Moreover, the author of a criminal act consisting in degrading a wall or pieces of urban furniture (trains, letter boxes, etc.) does not have any incentive to come forward and be recognised as the author of such degradations (since the police and criminal courts could come after him if he admits that he is responsible).
There is therefore a “legal void”, in this situation, because the street artist, who puts the work of street art in the streets without obtaining prior authorisation, “looses” his ownership rights in the art object as well as his copyright in such art object.
Is the person who collects this illegal work of street art, in the streets, the new owner of this piece of street art, then?
De facto, yes, because this collector of the illegal work of street art has the physical possession of the art object.
However, this “gatherer” of the work of street art is definitely not the owner of the copyright in the work of street art. Indeed, this copyright was lost when the work of street art was put illegally in the streets, by the street artist.
This “legal void” creates a lot of complications and potentially, high risks of litigation should a sale of a work of street art gathered from the streets, be contested by the creator of this work – the street artist.
I therefore recommend sellers of works of street art collected in the streets to ask for prior written authorisation and agreement from the street artist, or his or her heirs if the street artist is no longer alive. If possible, it would be also very useful to obtain a certificate of authenticity from the artist, in relation to this work of art.
Such agreement with the street artist would most definitely entail money changing hands, between the “gatherer” of the work of art in the streets and the street artist, upon the completion of the sale with a buyer.
However, I advise my clients to reach such an agreement before the sale of the art work, since any early financial arrangement made between the “gatherer” of the work of street art and the street artist is better than long, costly and stressful litigation post-sale of the work of street art.
From the viewpoint of the buyer of the work of street art, I believe that he will want to do some due diligence on the art work, before committing to any sale contract.

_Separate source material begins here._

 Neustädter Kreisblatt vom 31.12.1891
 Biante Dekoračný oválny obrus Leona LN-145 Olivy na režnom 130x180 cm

The common standards, in relation to due diligence applicable to the trade of an art work, are as follows:
– Checking the vendor’s title. Where doubt arises, a specific check into the Art Loss Register, the ICOM red lists and the database of Interpol might be necessary.
– Checking the goods’ authenticity. Where necessary, request an expert’s certificate.
Street art is becoming an increasingly larger part of the contemporary art market, with sky-rocketing sales at auctions and in the secondary market. However, because of the illegal nature of “putting” a work of street art in the streets, it is more complex now to complete successful and lawful sales transactions of works of street art.